* [Dataset excerpt]:
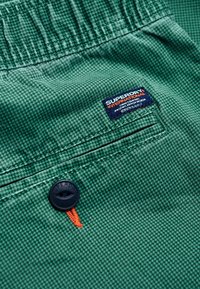 Superdry & Co Šortky - green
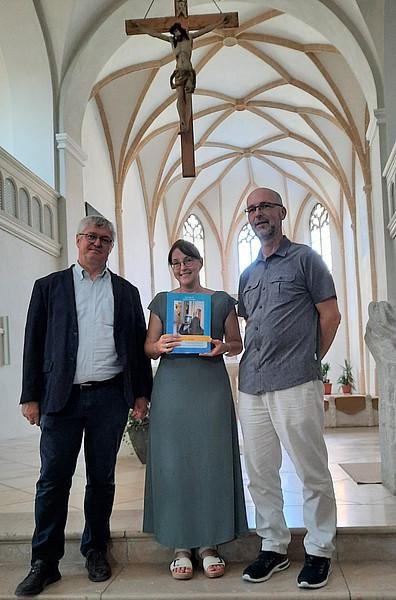 (von links): Prof. Dr. Hans Mendl, Anja Wagner-H&ouml;lzl und Dr. Rudolf Sitzberger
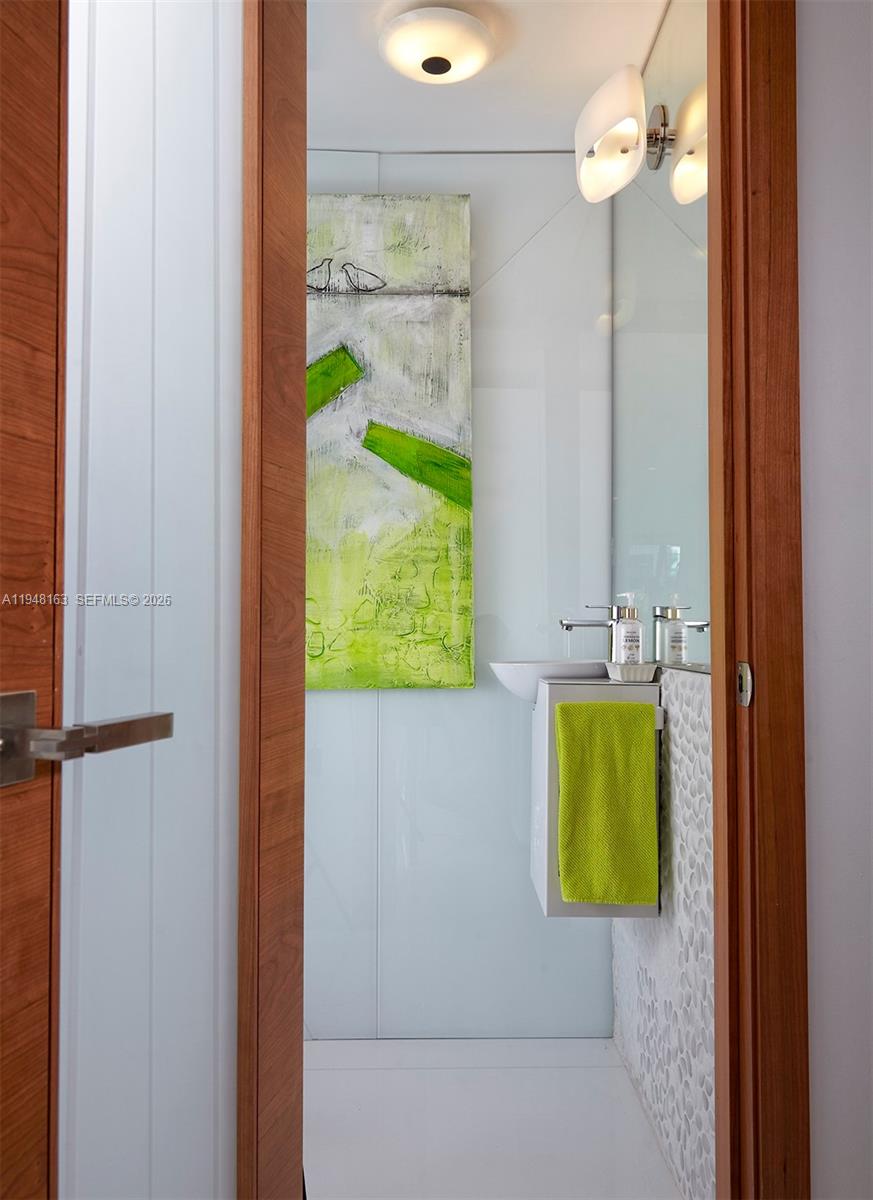 6103 Aqua Ave #105 Miami Beach, FL 33141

* [Assignment]: The preceding listing must be repeated exactly, with all images dropped.

* [Solution below]:
 Superdry & Co Šortky - green
 (von links): Prof. Dr. Hans Mendl, Anja Wagner-H&ouml;lzl und Dr. Rudolf Sitzberger
 6103 Aqua Ave #105 Miami Beach, FL 33141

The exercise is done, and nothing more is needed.